:: TASK INPUT ::
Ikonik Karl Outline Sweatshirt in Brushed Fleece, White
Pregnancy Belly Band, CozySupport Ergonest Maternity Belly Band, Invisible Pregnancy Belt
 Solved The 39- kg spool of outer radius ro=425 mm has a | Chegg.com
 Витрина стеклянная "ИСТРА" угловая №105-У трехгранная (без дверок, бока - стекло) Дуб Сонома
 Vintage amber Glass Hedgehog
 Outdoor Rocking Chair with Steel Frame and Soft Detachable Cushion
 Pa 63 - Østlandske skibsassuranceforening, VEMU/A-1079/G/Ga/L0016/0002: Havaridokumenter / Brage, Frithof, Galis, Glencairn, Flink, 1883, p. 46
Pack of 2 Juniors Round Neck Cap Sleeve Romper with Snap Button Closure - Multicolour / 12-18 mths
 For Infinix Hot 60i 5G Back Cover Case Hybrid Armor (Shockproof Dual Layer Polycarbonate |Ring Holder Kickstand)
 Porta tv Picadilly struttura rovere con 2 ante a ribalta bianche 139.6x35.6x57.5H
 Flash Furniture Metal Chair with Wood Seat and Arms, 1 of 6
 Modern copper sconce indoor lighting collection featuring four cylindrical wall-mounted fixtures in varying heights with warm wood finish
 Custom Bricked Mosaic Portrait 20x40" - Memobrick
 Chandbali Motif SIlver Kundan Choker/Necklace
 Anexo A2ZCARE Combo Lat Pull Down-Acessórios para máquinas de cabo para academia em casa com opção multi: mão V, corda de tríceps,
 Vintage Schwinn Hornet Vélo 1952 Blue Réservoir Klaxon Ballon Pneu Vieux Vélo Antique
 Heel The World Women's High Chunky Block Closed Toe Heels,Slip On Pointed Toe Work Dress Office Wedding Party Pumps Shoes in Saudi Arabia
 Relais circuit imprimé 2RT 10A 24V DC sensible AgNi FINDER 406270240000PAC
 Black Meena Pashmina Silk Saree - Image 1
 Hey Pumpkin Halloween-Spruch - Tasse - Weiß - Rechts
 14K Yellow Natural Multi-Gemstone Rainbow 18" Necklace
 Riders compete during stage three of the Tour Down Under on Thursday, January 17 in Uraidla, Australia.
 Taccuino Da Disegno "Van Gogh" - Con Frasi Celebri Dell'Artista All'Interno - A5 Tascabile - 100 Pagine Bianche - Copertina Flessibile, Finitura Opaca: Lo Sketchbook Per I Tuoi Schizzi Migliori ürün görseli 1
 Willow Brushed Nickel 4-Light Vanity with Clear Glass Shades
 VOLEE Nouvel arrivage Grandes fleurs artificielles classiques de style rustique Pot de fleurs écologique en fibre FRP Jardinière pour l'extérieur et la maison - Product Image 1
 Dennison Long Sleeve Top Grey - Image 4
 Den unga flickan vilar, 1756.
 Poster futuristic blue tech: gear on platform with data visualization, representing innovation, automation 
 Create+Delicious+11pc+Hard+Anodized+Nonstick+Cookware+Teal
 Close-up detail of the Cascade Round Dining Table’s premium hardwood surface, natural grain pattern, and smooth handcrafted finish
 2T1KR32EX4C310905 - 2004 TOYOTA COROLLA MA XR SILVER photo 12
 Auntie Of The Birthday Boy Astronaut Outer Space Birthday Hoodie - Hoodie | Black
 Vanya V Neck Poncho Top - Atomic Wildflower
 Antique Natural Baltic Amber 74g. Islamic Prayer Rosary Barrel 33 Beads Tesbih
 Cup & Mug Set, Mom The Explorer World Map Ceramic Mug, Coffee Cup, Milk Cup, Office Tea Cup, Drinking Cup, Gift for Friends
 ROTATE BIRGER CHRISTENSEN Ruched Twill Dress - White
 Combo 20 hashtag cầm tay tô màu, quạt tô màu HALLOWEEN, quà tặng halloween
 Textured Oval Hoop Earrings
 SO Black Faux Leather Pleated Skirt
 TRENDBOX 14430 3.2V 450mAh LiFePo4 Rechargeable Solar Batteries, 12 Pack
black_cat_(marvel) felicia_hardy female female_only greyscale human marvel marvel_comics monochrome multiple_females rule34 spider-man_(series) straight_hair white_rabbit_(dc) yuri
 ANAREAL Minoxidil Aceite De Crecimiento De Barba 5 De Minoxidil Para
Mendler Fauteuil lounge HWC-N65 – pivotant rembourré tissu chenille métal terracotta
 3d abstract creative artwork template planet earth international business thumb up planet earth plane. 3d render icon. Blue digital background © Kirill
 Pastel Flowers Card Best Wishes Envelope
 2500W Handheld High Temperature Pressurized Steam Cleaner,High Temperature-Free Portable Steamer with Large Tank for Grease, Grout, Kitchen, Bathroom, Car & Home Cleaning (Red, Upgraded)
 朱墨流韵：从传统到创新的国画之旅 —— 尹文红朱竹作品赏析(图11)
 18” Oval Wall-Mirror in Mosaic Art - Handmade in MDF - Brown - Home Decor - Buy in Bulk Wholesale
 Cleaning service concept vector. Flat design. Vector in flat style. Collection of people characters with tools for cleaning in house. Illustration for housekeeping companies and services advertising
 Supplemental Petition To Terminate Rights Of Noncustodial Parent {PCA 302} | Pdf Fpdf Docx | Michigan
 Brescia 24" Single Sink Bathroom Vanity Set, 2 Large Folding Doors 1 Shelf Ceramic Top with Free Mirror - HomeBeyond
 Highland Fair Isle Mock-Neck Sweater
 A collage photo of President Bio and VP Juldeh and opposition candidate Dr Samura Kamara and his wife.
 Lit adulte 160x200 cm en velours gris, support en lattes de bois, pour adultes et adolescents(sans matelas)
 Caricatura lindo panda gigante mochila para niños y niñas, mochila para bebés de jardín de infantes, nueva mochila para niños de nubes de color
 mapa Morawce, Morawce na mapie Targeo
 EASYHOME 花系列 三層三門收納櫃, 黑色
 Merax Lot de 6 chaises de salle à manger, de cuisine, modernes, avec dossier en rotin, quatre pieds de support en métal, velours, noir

:: WHAT THIS TASK INVOLVES ::
Give back, exactly as written, the stretch from the line with "Cleaning service concept" through the line with "Supplemental Petition To", and no other lines from the records above.

:: ANSWER TO THIS TASK ::
 Cleaning service concept vector. Flat design. Vector in flat style. Collection of people characters with tools for cleaning in house. Illustration for housekeeping companies and services advertising
 Supplemental Petition To Terminate Rights Of Noncustodial Parent {PCA 302} | Pdf Fpdf Docx | Michigan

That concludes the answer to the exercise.